(Caption-style text data)
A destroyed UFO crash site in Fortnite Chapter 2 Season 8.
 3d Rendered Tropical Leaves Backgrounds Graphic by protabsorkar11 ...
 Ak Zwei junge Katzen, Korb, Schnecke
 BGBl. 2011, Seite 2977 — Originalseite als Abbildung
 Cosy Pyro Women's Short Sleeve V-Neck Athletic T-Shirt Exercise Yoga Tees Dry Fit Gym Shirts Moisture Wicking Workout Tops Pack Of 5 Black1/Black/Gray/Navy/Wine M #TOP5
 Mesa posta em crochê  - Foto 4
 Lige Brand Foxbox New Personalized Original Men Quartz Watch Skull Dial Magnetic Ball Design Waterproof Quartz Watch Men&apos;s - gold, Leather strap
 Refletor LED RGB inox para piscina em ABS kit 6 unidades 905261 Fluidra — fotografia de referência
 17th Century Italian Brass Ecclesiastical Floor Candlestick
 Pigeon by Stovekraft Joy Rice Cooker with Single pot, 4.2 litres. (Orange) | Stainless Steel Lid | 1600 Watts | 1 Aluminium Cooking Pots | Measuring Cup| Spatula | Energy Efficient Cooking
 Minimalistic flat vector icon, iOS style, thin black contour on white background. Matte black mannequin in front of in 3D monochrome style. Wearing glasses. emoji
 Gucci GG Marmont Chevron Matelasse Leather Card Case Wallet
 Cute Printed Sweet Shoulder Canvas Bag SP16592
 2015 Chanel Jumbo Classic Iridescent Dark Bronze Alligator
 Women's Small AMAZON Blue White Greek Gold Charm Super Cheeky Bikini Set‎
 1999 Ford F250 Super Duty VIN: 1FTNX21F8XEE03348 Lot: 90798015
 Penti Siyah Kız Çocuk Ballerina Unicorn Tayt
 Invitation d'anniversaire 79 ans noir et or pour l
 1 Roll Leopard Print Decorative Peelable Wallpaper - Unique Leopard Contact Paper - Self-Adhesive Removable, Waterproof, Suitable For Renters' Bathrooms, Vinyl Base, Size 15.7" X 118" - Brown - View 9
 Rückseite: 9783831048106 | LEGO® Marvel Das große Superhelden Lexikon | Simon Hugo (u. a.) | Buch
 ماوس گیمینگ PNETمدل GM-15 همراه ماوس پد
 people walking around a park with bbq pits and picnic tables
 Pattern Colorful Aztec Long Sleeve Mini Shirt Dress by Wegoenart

» **Exercise prompt**
Every line of the records containing the word "with" must appear in the answer.

» **Result**
 Pigeon by Stovekraft Joy Rice Cooker with Single pot, 4.2 litres. (Orange) | Stainless Steel Lid | 1600 Watts | 1 Aluminium Cooking Pots | Measuring Cup| Spatula | Energy Efficient Cooking
 people walking around a park with bbq pits and picnic tables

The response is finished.